Written by Kristen Lopez
School’s starting up and if you have kids that means you’ll actually have time to read something. (And if you don’t have kids you might already be reading.) Here are two great books worth making time for this month.
I Lost It at the Video Store: A Filmmakers’ Oral History of a Vanished Era by Tom Roston
I’m a fan of oral histories because they capture the voice of those involved, describing their own individual views to create a richer, wider whole. Contradictions can abound as the passage of time allows each participant to see things they way they either were or how they were wished to be. Some of my favorite books are oral histories and Tom Roston’s – though short on pages – is one of them. I Lost It at the Video Store captures that magical time from around 1985-2004 when the video store dominated everyone’s lives. I myself recall many experiences traversing the aisles of my local Blockbuster and Hollywood Video – I never had a mom and pop video store in my town – and it’s an experience that’s wholly different from scouring Netflix at 3am.

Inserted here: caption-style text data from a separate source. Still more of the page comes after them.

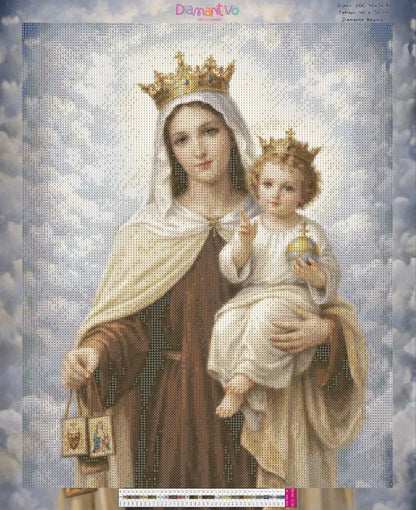 Virgen del Carmen Premium Arte con diamantes 50 x 40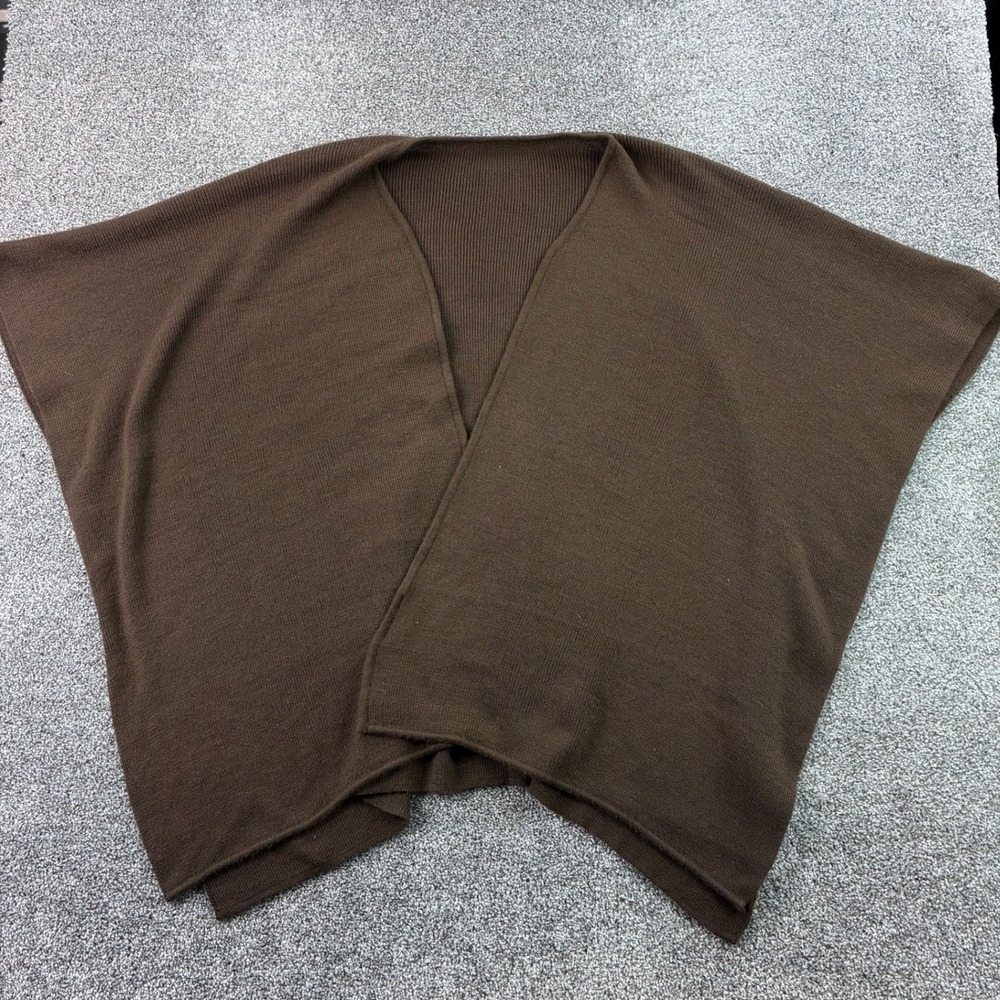 Pour Vous Open Front Wrap Shawl Cape Cardigan Brown Baby Alpaca Silk Knit Peru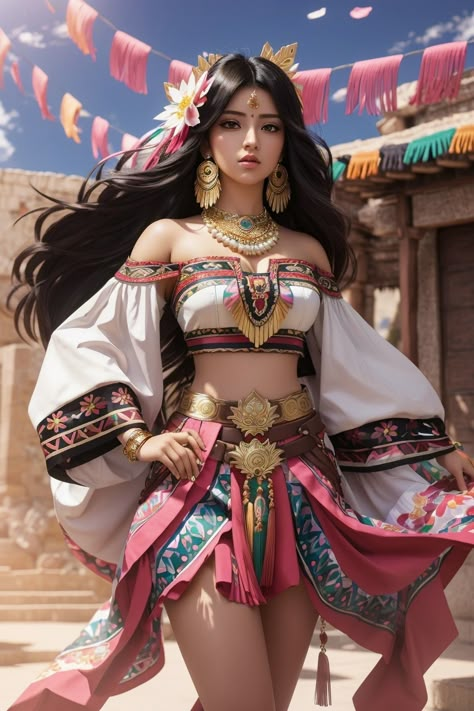 Mexican Attire Women, Aztec Clothing Traditional, Main Character Outfit Ideas, Aztec Oc, Latina Character Design, Mexican Character Design, Aztec Outfit, Fantasy Dress Art, Enigmatic Woman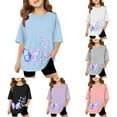 thumbnail image 2 of MUXiin Birthday Shirt Girl,Girl's Butterfly Print Crew Neck T Shirt Short Sleeve Casual Cute Tee Top for 4-5 Years, 2 of 6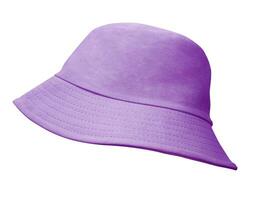 purple bucket hat Isolated on a white background photo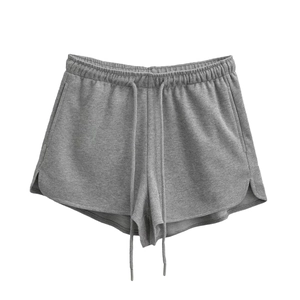Short tricoté gris pour femme avec taille à cordon et fentes latérales arrondies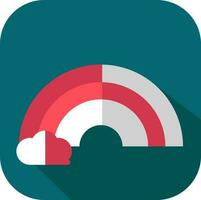 Red And White Rainbow Cloud Icon On Teal Square Background. vector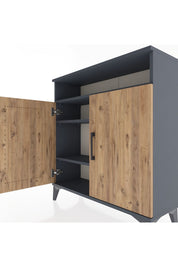 Arges Şifonyer 3 Raflı 2 Kapaklı 88x30x96 Antrasit-Çam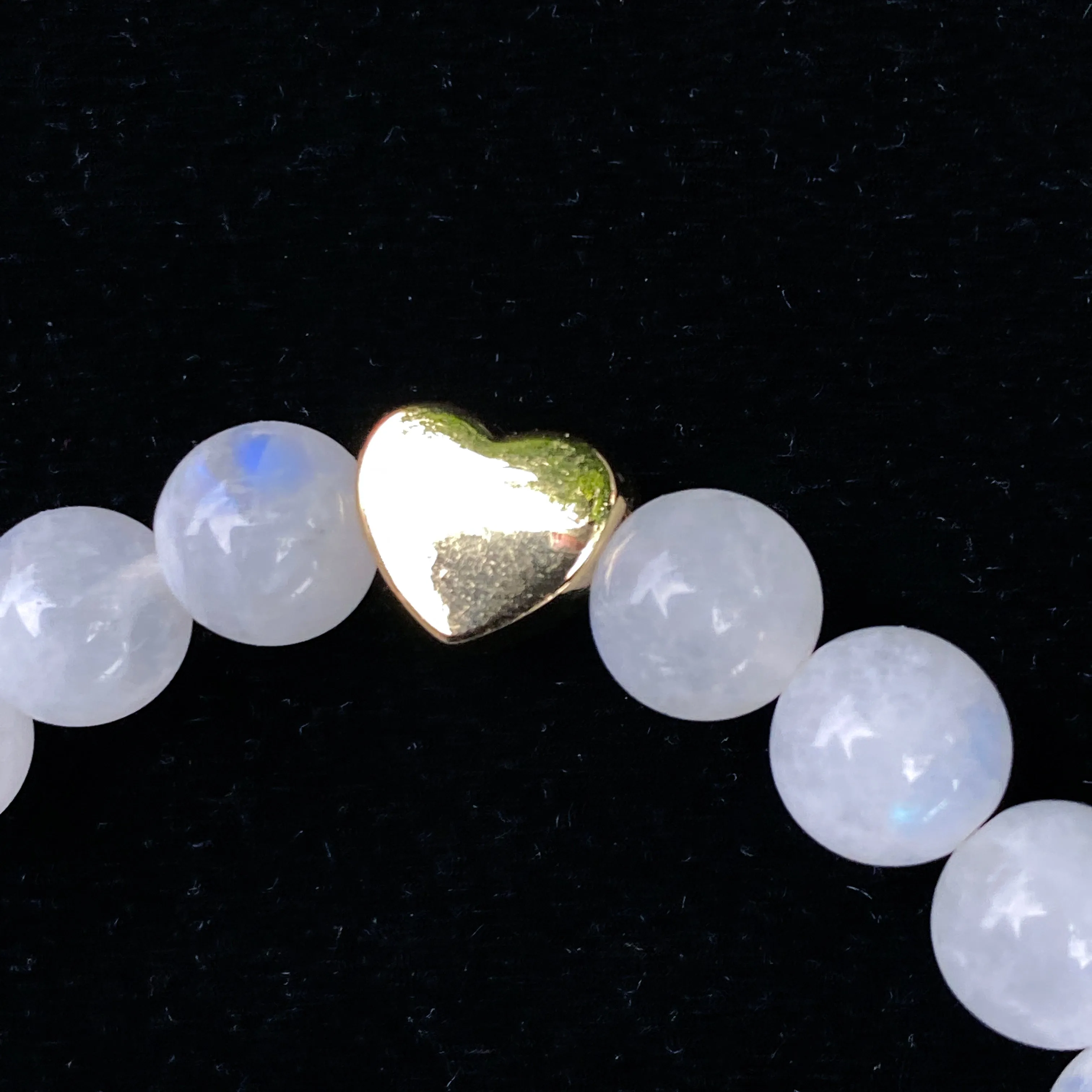 Moonstone and Heart Bracelet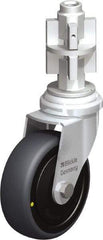 Blickle - 3" Diam x 63/64" Wide x 4" OAH Metal Expander Mount Swivel Caster - Rubber Elastomer (TPE), 110 Lb Capacity, Ball Bearing, Metal Expander Stem - Industrial Tool & Supply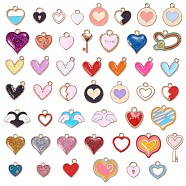 50Pcs Alloy Enamel Pendants, for Jewelry Necklace Bracelet Earring Making Crafts, Heart, Mixed Color, 10x10mm, Hole: 2mm(JX188A)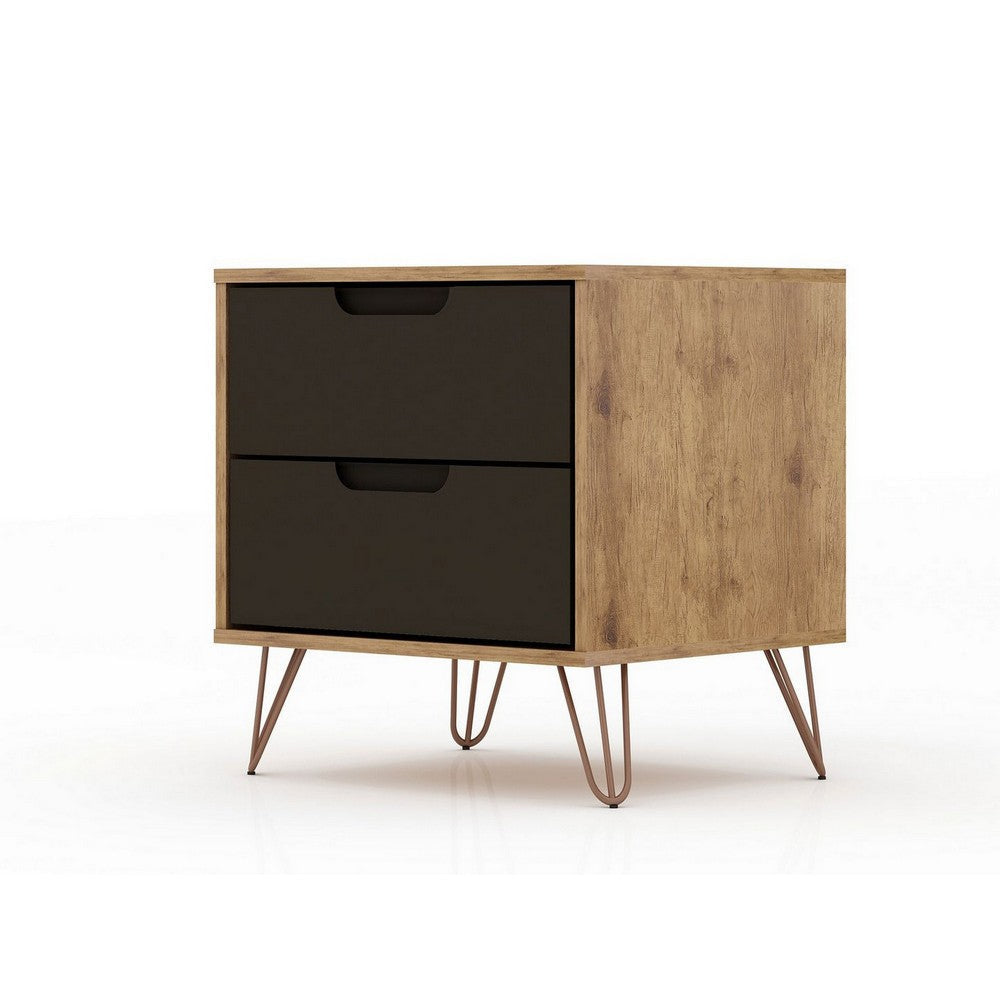 Rockefeller 2.0 Mid-Century- Modern Nightstand with 2-Drawer in Nature and Textured Grey MHC-102GMC7
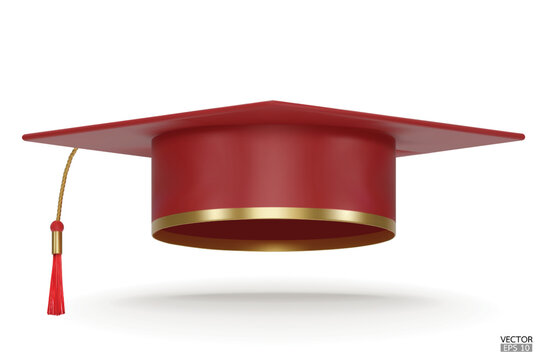 3D realistic Graduation university or college red cap isolated on white background. Graduate college, high school, Academic, or university cap. Hat for degree ceremony. 3D vector illustration.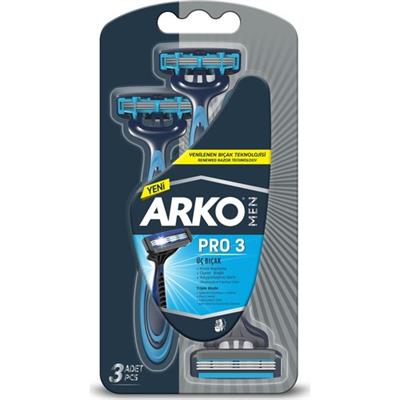 Arko 3 Bıçaklı Tıraş Bıçağı - Krom Kaplama, Oynar Başlık, 3lü Paket, Ergonomik Tasarım, Uzun Ömürlü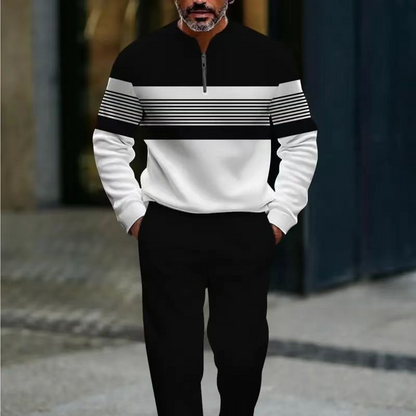 Conjunto masculino com estampado gráfico – camisola e calças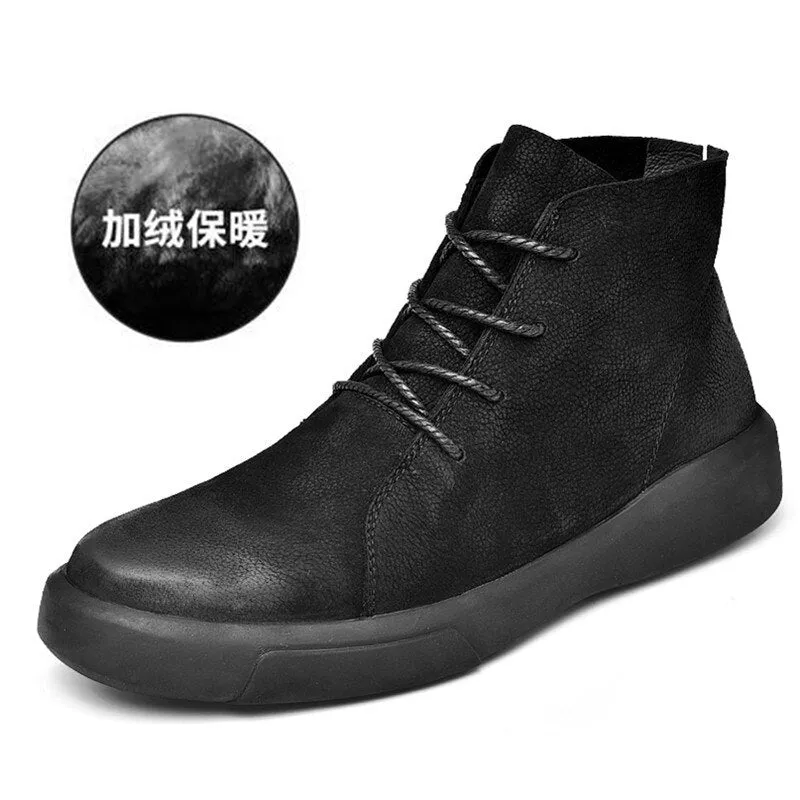 Advbridge Men's high top Martin boots new spring and autumn tide shoes tooling shoes casual cold and warm shoes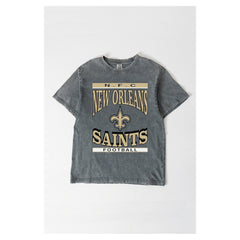 New Orleans Saints Gameday Couture Women's Oversized Classic Grind Washed T-Shirt Gray - NFL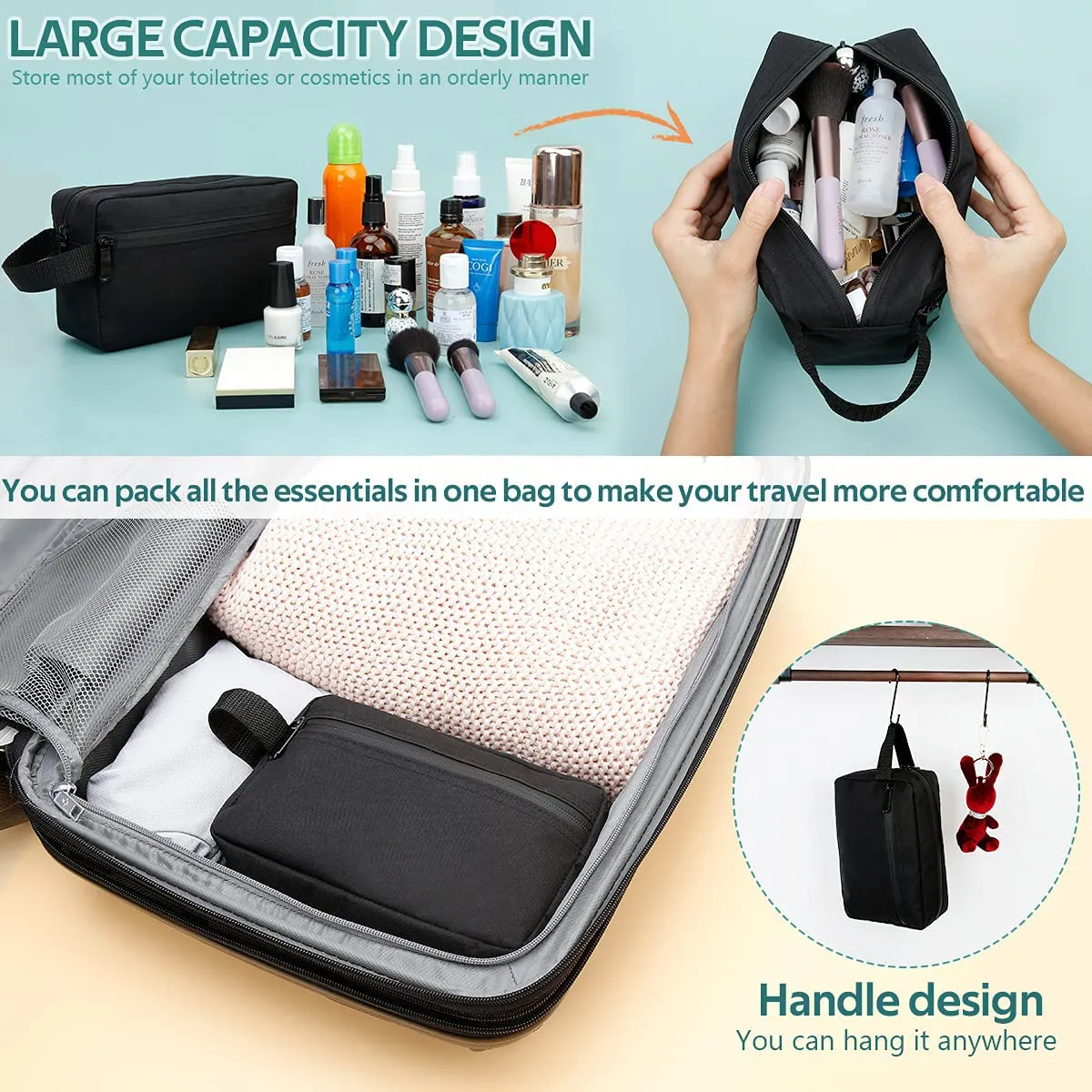 Travel Toiletry Bag for Women and Men, Water-Resistant Shaving Bag for Toiletries Accessories, Foldable Storage Bags with Divider and Handle for Cosmetics Toiletries Brushes Tools (Gray)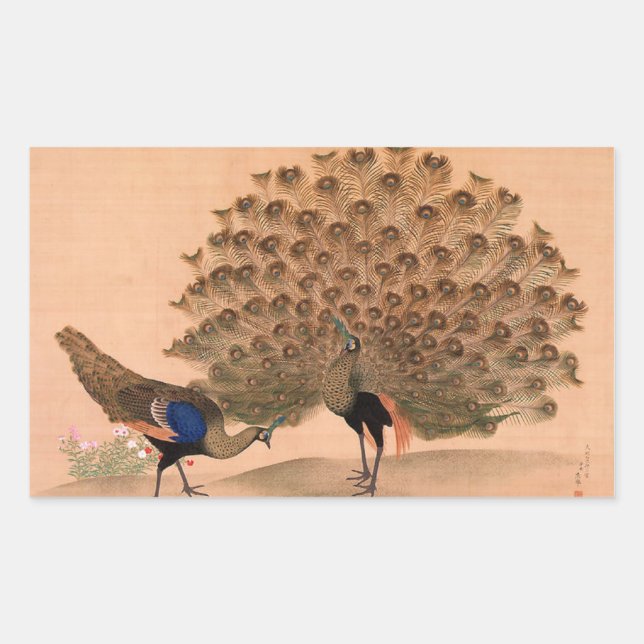 Vintage Peacock Sticker (Front)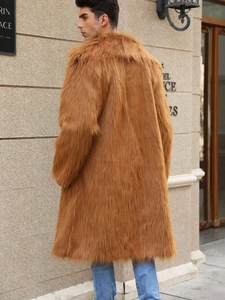 Men's long faux fox fur coat in tan brown with a large lapel and fluffy texture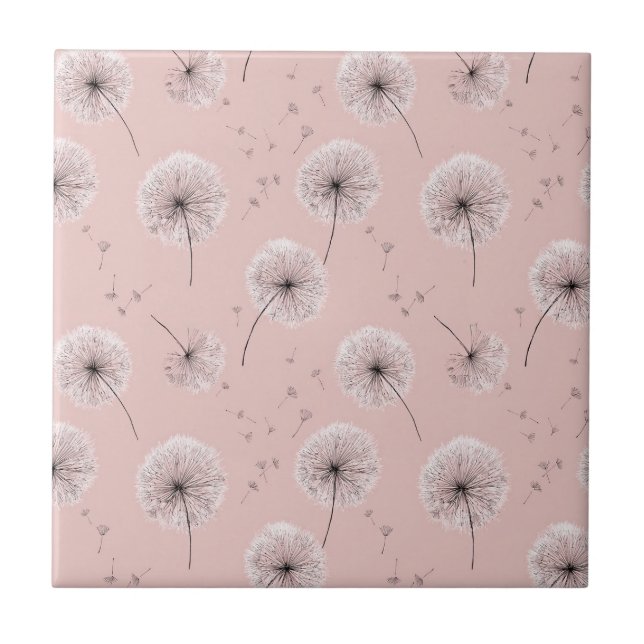 Minimalist Dandelion Seed Pattern Pink (1) Ceramic Tile (Front)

Roston’s tome interviews the filmmakers influenced by their education at the video store, whether working within it, profiting off it or simply dropping by on a Friday night. Kevin Smith, Quentin Tarantino and David O. Russell are just a few of the prominent names that describe their video store experiences as Roston charts how the video store market became the de facto savior for independent cinema and what we’ve lost with their demise. Roston’s breezy narrative doesn’t have a lot of fat, and I’m sure there could have been a longer look at the mechanics of the home video market, but what’s there is remarkably fun, viscerally presenting a time both recent in memory and gone by. If you’ve ever lost your mind at the realization that you couldn’t rent The Terminator or you still owe money to Blockbuster in late fees, then you too probably Lost It at the Video Store!
Sharon Tate: A Life by Ed Sanders
Sharon Tate’s name is synonymous with tragedy and it’s a shame since it obscures the life of a sensitive young woman working her way through the world of Hollywood. Beautiful and weeks from giving birth, Sharon Tate, in death, represents both the Hollywood candle snuffed too quickly and the happy idealization of a celebrity who could have had it all. There aren’t many books content with showcasing Tate’s life aside from her horrific demise; Ed Sanders’ Sharon Tate: A Life won’t be breaking that trend anytime soon. Though Sanders’ biography does give a look into Tate, and husband Roman Polanski’s very different lives, Sanders’ prose is often distracted, moving quickly from item to item, doubling back and repeating points too often. When he isn’t filling space, he’s rehashing gossipy items easily found on the internet or, like most Tate books, recounting the already well-trod road to her death. There are glimmers of a life within, but it isn’t Tate’s.